◆ **Problem**
Repeat the listing that follows character for character, omitting images.

◆ **Supplied data**

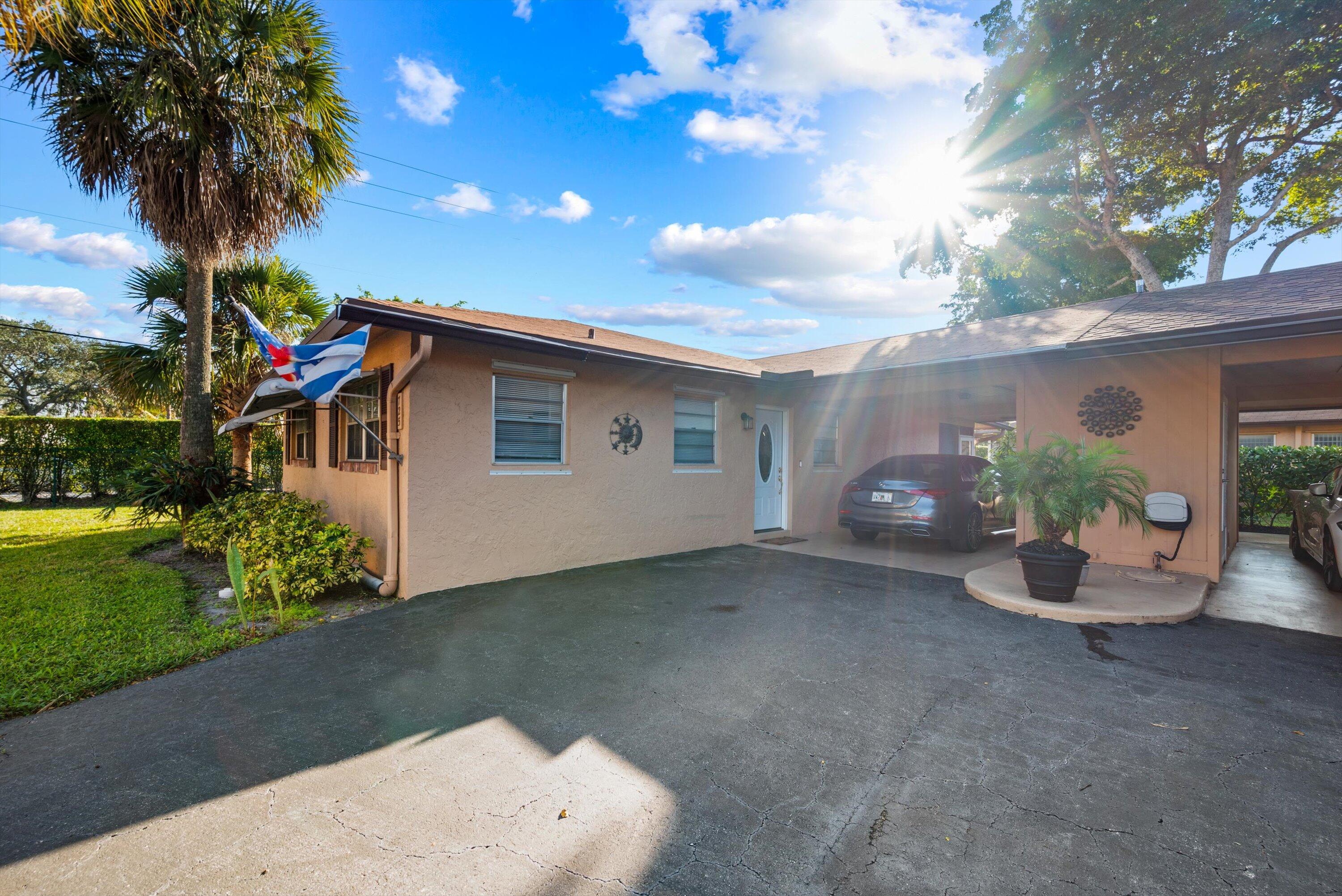 725 Whippoorwill Lane, Delray Beach, Palm Beach County, Florida - 2 Bedrooms  
2 Bathrooms - 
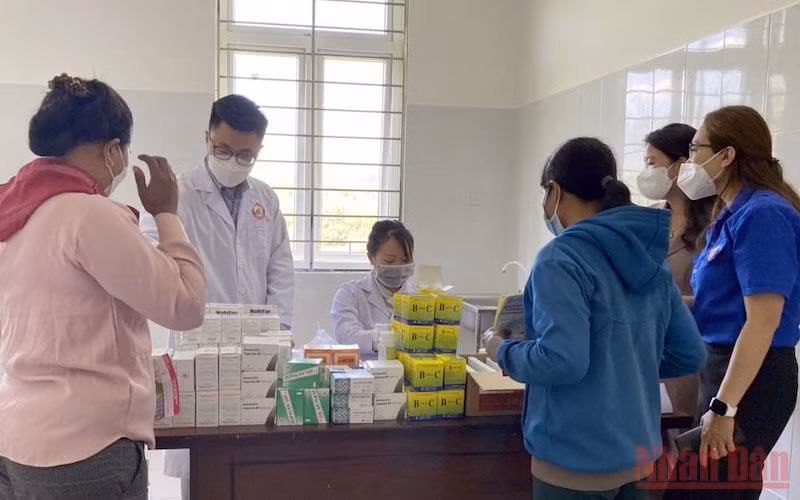 Cấp phát thuốc điều trị miễn phí cho phụ nữ địa phương.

◆ **Output of the exercise**
 725 Whippoorwill Lane, Delray Beach, Palm Beach County, Florida - 2 Bedrooms  
2 Bathrooms - 
 Cấp phát thuốc điều trị miễn phí cho phụ nữ địa phương.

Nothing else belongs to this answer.